I mentioned at the beginning of tonight’s service the phrase “I am my beloved’s, and my beloved is mine” – Ani l’dodi v’dodi li (Song of Songs 6:3) that we often hear at Jewish weddings, we inscribe on wedding rings, and also relate to our focus during the pre High Holiday Hebrew month of Elul. Tradition teaches that this phrase found in the biblical book, Song of Songs, is about the love between Israel and God. Rabbi Akiba spoke of the Song of Songs as the holiest book in the Torah because this lyrical love captures God’s relationship to us.  All of the Torah is encircled by the metaphor of marriage: Sinai was a huppah and the Torah is a ketubah, a wedding contract. We read the text as a love letter, musing over each turn of phrase, wondering why this was included and that omitted. The relationship between God and Israel is many things—a struggle, a tragedy, a triumph. But most of all, it is a love story.

We are God’s, and God is ours. Each morning, as the traditionally observant worshipper wraps tefillin around the middle finger, the betrothal verse from Hosea (2:19) is recited: “I betrothe you to me forever.” Prayer is called avodah shebalev, service of the heart. We offer our hearts to God as to a lover each morning.

The rabbis of the Talmud expounded on this theme, counting the number of expressions of love God offered to Israel, including cleaving, longing, and desiring (deveikahhafitzah, and hashikah).

Even suffering, at first glance the greatest argument against God’s love for us, is at times interpreted by the tradition as the very sign of that love. Yissurin shel ahava—”sufferings of love,” are a rabbinic explanation (one of many) for the variety of pain experienced in this world. In human terms, those whom we love often inflict some of the greatest pain in our lives; to love another is to be vulnerable to them and therefore, inevitably, at times to be hurt. There is no ardor without anguish. For the rabbis, love for God ensures that the pain of life, too, will be experienced as an expression of that relationship.  And we certainly recognized that combination of exultation and pain when we lose the ones we love.

To be loved is to be the focus of another’s attention. The beloved is always in the mind of the lover. God is always with us: “You have searched me and know me” says Psalm 139. On the High Holidays, God is called zochair kol haniskachot—”the One who remembers everything forgotten.” Such love does not fade with time or end with death. God’s love is forever.

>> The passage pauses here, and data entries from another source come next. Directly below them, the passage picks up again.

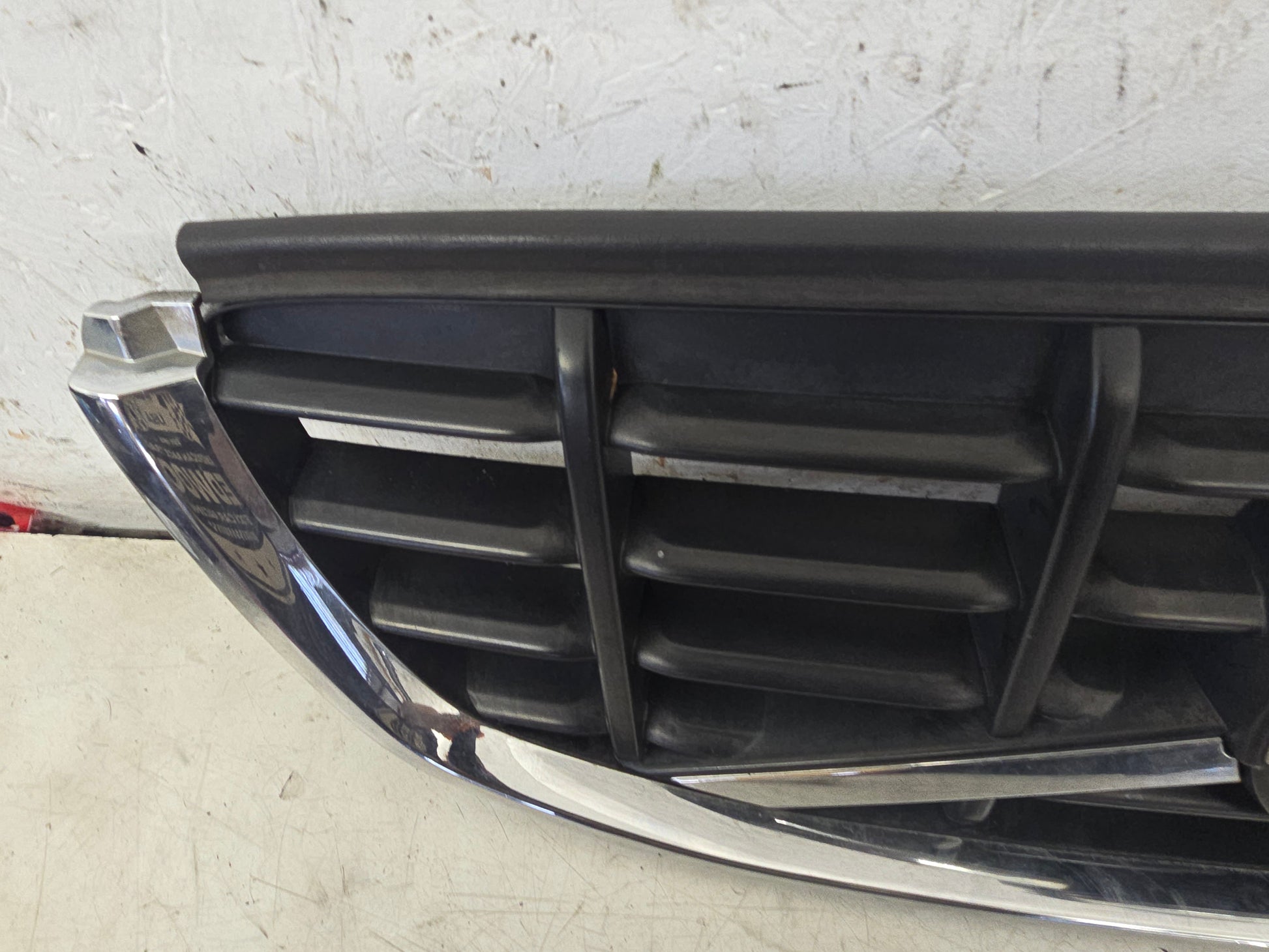 2011 Volvo XC60 Front Grille 31284337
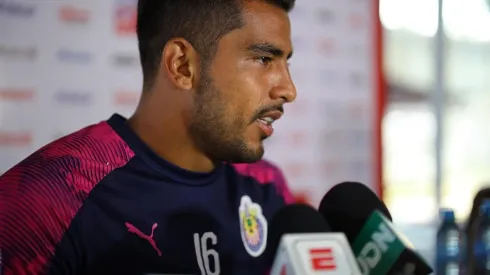 El lateral izquierdo rojiblanco reconoció que de seguir en el Rebaño lo seguirá haciendo "de la mejor manera"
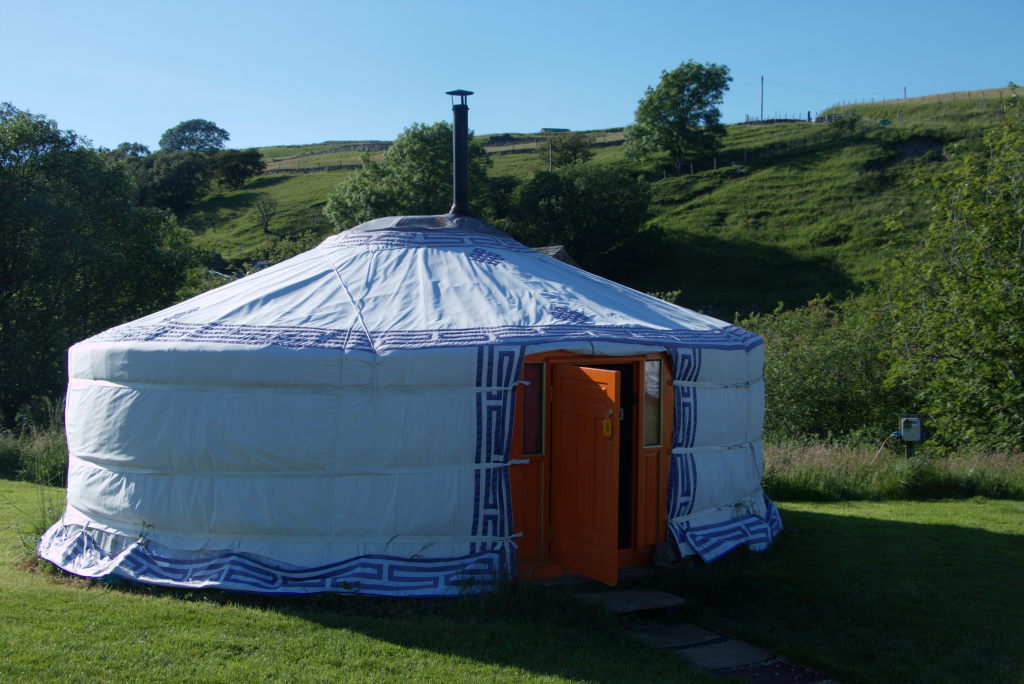 Eine mongolische Jurte auf einer Wiese in den Yorkshire Dales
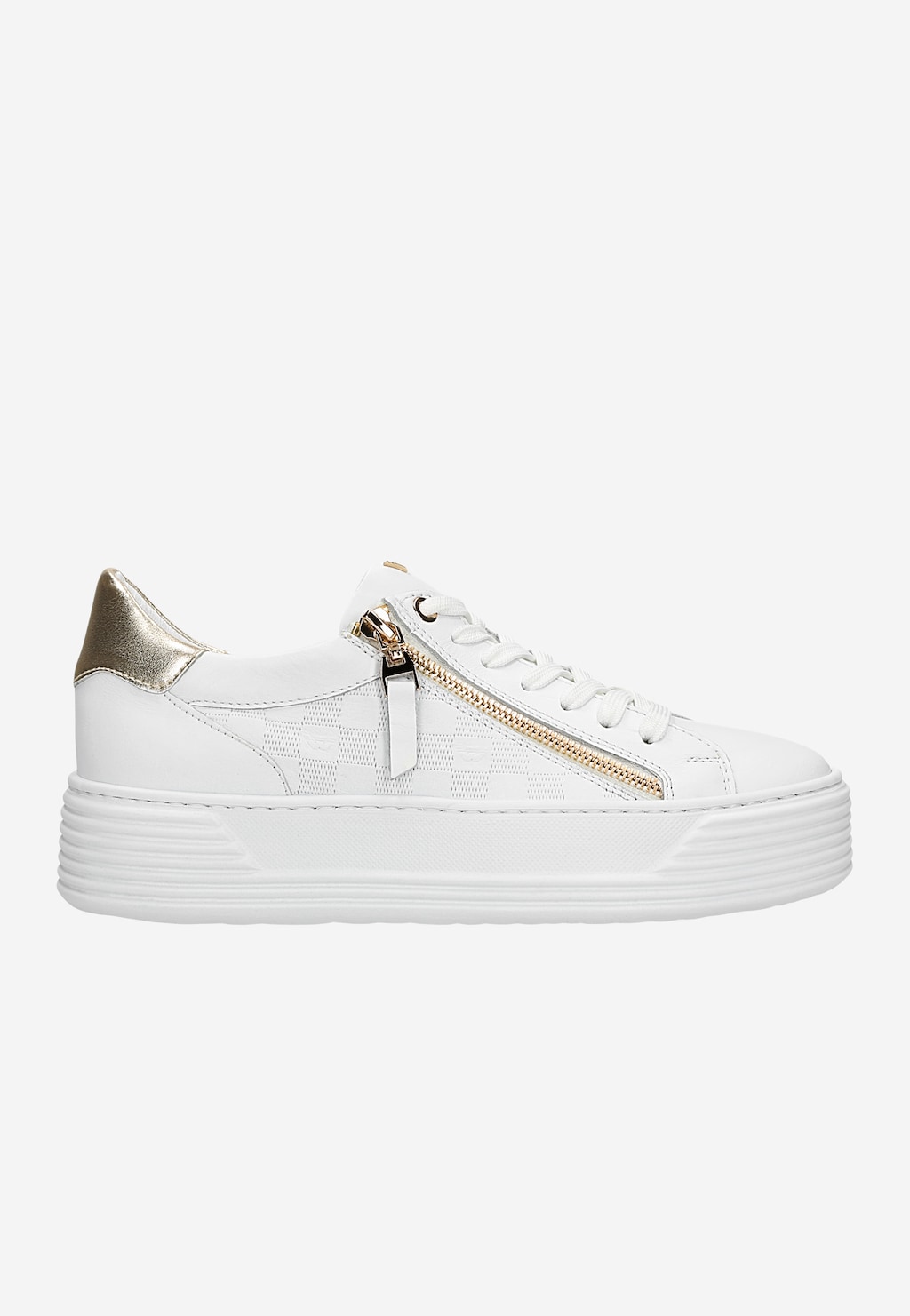 Białe trampki damskie Wojas 46346-79 na platformie z ozdobnym złotym zamkiem z boku i złotym wykończeniem pięty, widok z profilu.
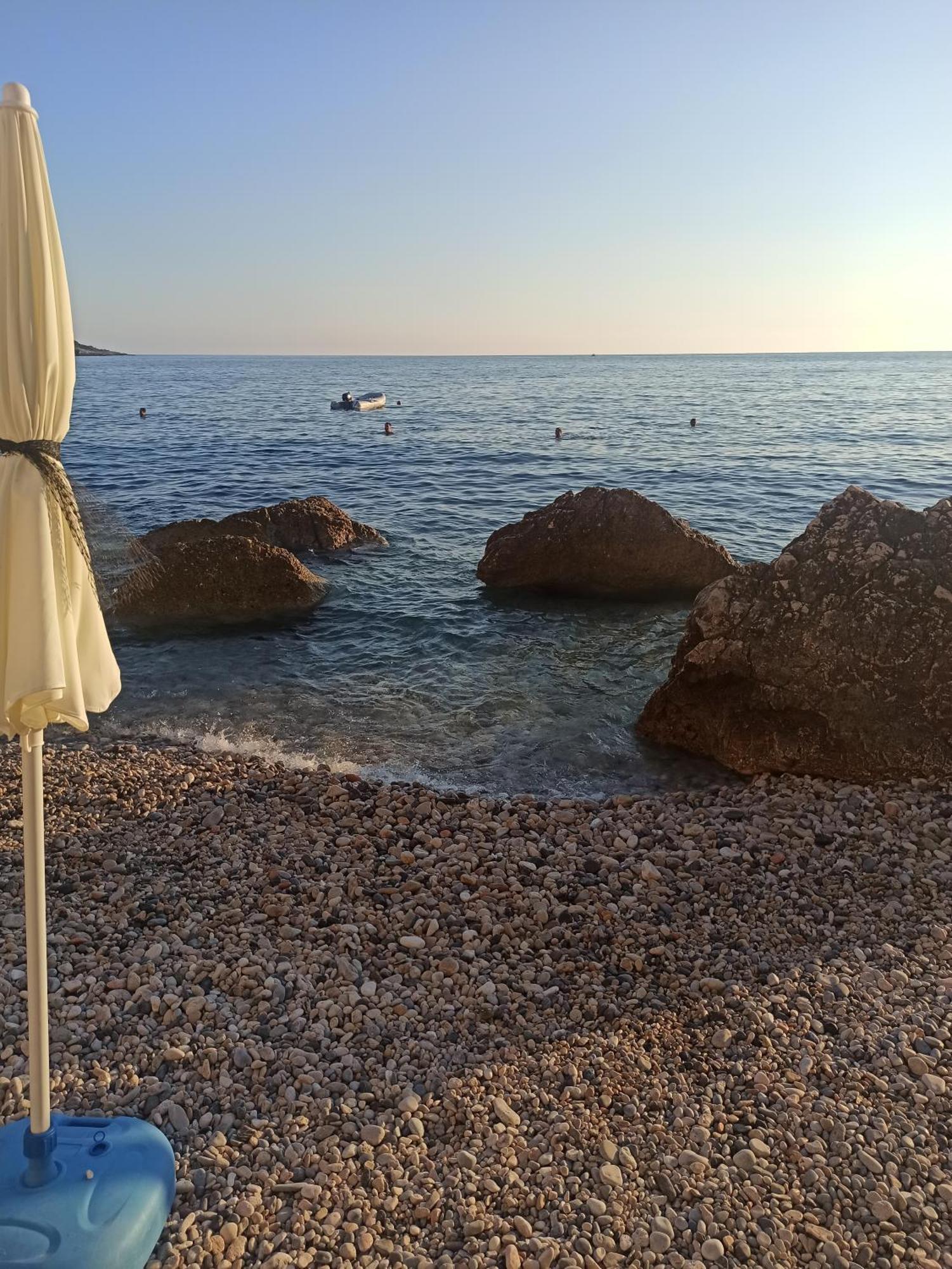 Seaside Apartment Kruce Улцин Екстериор снимка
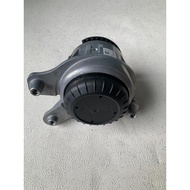 Right Engine Support Mercedes benz C300 C350e 2015-2018 2052400300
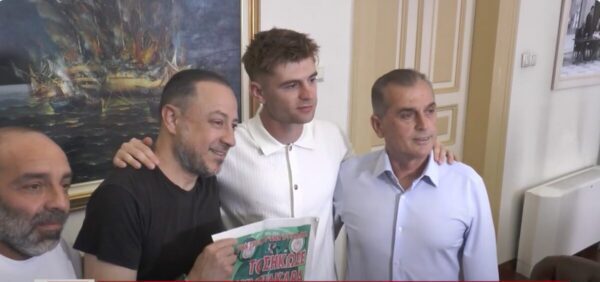 Ο Αντιπεριφερειάρχης Σερρών βράβευσε τον Σερραίο ποδοσφαιριστή, Απόστολο Αποστολόπουλο!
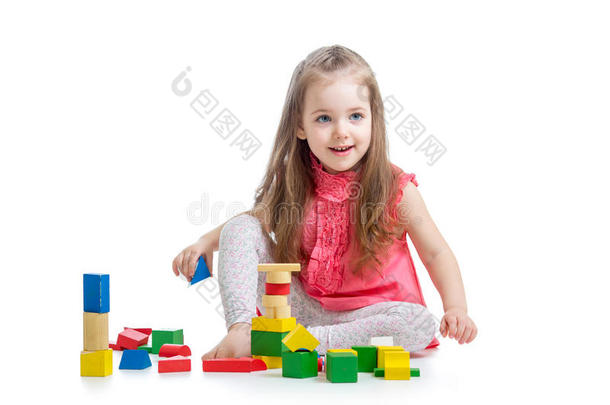 玩积木玩具的小女孩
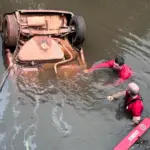 Bombeiros resgatam corpo de homem em veículo submerso em Santo Antônio de Leverger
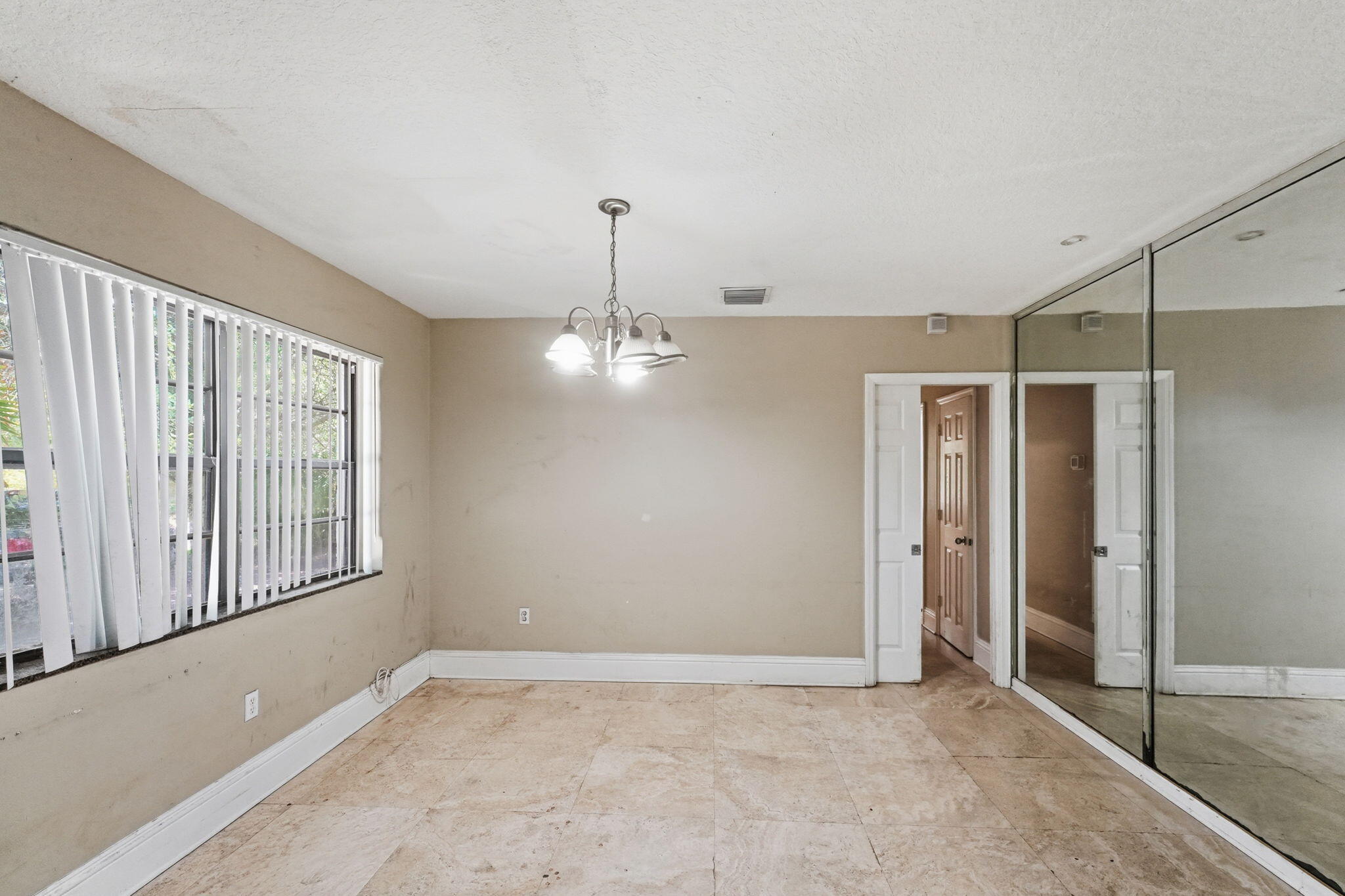 PRIORS 2ND ADDN TO BISCAYNE PARK - Residential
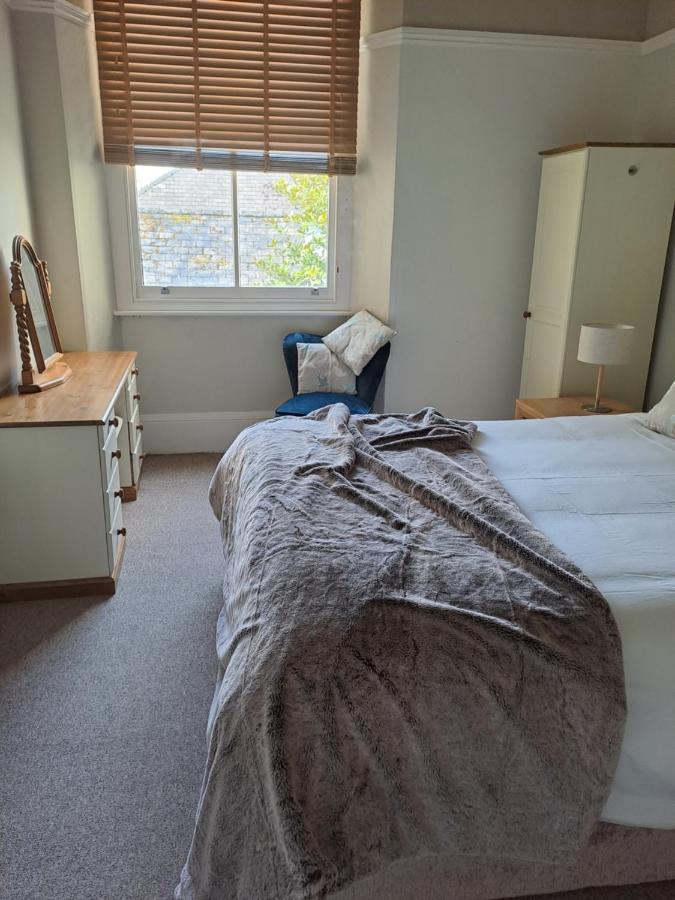Spinnaker - Self Catering Apartment, Tenby Kültér fotó
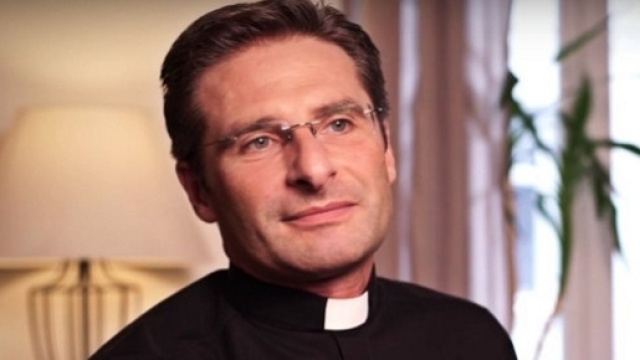 La coraggiosa confessione del prete omosessuale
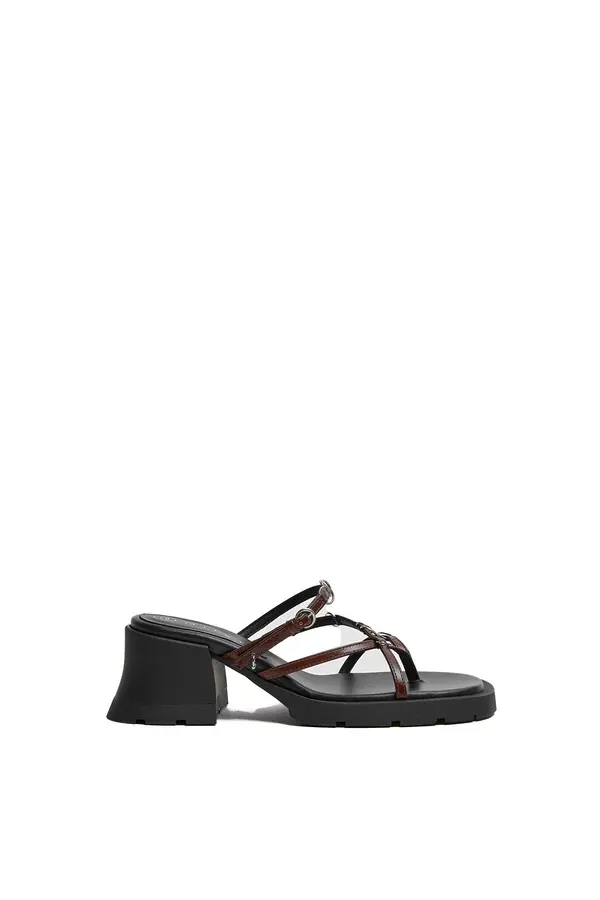 Strappy O-Ring Chunky Heel Leather Mule Image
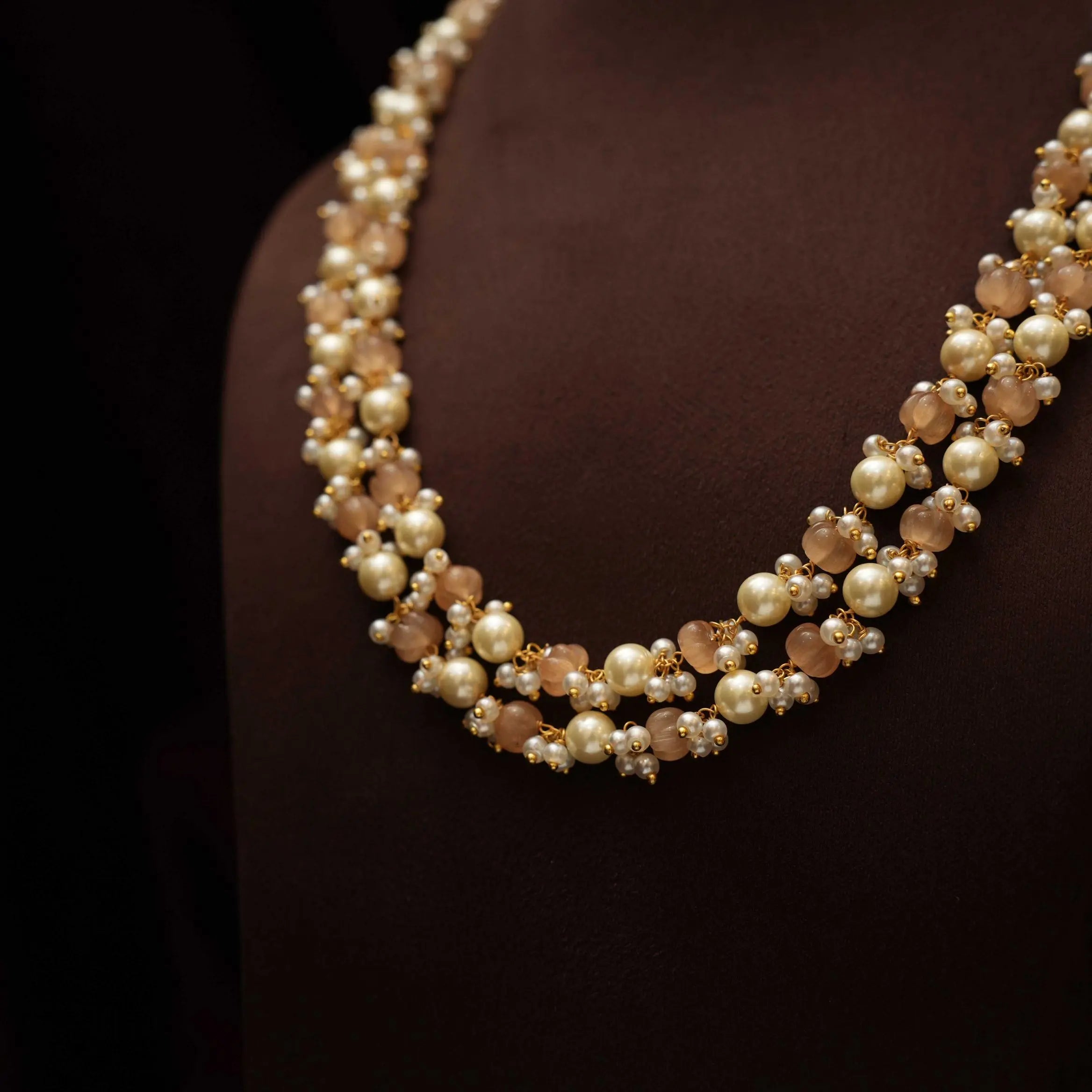 Ukti Beaded Necklace - Peach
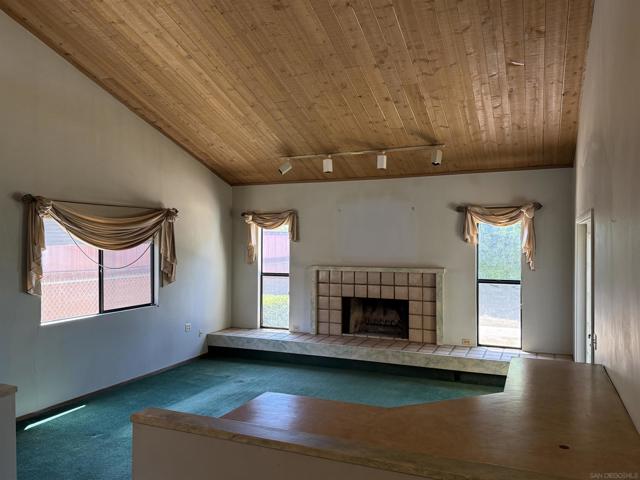 6056 Winfield Ave, La Mesa CA: https://media.crmls.org/mediaz/b303c378-0d72-43e6-8f29-e831038e6a20.jpg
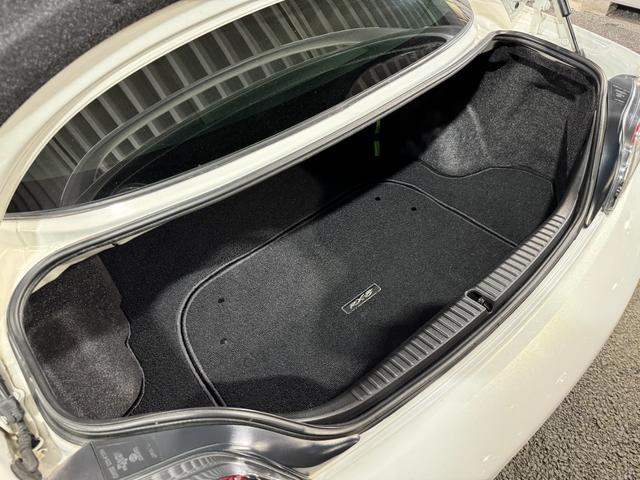 ＲＸ－８ タイプＲＳ　ビルシュタイン車高調　タイプＲＳ純正１９ｉｎＡＷ　純正ＲＥＣＡＲＯセミバケ　純正オーディオ（ＣＤ／ラジオ）　ＢＯＳＥサウンド　純正リアスポイラー　社外シフトノブ　Ｙｕｐｉｔｅｒｕドラレコ　ＥＴＣ（69枚目）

Rosh Hashanah and Yom Kippur are the times when Jews find themselves once again contemplating their relationship to God. It may be as difficult to see passion in reciting ritual or fixed prayer inside a synagogue as it is to see love in doing laundry inside a marriage. But Jewish law, even the humorless itemization of some very unrealistic bad behaviors in this week’s Torah portion, is the concrete expression of a lasting, ardent love. We attune to law on behalf of those whom we cherish and want to protect. As Jews, that means prayer, ritual, study, support of community, acts of loving kindness – all the ways we open our hearts to God.  “When I go forth to seek you,” famously written by medieval poet Yehuda Halevi, “I find you seeking me.” God and Israel are lovers, devotedly reaching toward one another in a dance renewed in each yearning generation.

May we open our hearts and souls to this image of love for the sake of healing, hope, and the sustaining of our souls.  Amen, and Shabbat shalom.